Batch Vision Processing
Process multiple images:
# Submit 100 image jobs
for img in photos/*.jpg; do
wrk ./workspace "Caption this image" --image "$img" >> jobs.txt
done
# Check progress
ls ./workspace/output/ | wc -l
# Collect all results
for job in $(cat jobs.txt); do
echo "=== $job ==="
flw ./workspace $job
done
Vision processing is serialized with a mutex to prevent corruption. Jobs queue up and run sequentially, even with multiple workers.
Multi-Image Jobs
Pass multiple images to a single job:
wrk ./workspace "Compare these images" \
--image photo1.jpg \
--image photo2.jpg \
--image photo3.jpg
The model receives all images in context.
Vision + Text Workflows
Combine vision analysis with text processing:
# Analyze image
caption=$(wrk ./ws-vision "Describe this image" --image photo.jpg | xargs flw ./ws-vision)
# Use result in text task
wrk ./ws-text "Write a story about: $caption"

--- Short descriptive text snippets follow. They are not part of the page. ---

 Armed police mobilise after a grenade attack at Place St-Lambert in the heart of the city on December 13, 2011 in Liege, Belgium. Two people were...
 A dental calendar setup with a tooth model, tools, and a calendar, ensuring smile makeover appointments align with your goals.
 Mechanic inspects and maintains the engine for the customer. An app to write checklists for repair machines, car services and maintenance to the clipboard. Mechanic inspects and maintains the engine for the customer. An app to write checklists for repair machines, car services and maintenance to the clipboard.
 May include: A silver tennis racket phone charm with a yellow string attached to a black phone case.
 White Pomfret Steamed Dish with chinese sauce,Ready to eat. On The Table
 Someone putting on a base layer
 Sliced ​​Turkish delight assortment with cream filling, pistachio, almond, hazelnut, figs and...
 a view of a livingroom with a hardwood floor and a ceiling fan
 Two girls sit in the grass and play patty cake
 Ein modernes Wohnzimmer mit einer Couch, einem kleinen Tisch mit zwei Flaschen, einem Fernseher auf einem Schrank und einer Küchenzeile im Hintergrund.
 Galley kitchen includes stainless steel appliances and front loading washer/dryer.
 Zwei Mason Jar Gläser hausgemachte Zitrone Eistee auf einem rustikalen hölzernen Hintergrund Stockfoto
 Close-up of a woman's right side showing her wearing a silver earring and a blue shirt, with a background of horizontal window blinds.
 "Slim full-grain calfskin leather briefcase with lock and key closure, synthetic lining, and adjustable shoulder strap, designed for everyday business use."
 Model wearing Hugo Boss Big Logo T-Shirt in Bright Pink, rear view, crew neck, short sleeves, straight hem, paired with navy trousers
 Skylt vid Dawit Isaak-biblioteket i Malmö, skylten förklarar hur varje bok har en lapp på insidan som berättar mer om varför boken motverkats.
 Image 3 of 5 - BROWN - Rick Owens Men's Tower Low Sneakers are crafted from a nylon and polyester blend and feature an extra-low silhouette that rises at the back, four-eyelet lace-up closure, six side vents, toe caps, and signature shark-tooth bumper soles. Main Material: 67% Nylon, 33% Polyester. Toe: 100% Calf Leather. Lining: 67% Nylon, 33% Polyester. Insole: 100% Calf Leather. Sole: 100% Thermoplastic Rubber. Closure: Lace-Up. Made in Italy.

Route to different workspaces for specialized models:
nrvnad qwen-vl.gguf ./ws-vision &
nrvnad llama-3.gguf ./ws-text &
Job Types
From work.hpp:15-19:
enum class JobType : uint8_t {
Text = 0,
Embed = 1,
Vision = 2
};
Vision jobs are automatically assigned JobType::Vision when images are provided.
Configuration
Tune vision model performance:
# Large context for detailed analysis
export NRVNA_MAX_CTX=16384
# Fewer workers (vision is serialized)
export NRVNA_WORKERS=2
# GPU acceleration
export NRVNA_GPU_LAYERS=99
nrvnad qwen-vl.gguf ./workspace
Tips
- mmproj auto-detection — name it
<model>-mmproj.gguf
- Serialized execution — vision jobs run one at a time
- Image formats — supports JPEG, PNG, and other common formats
- Context overhead — images consume significant context tokens
- Workspace routing — dedicate a workspace to vision tasks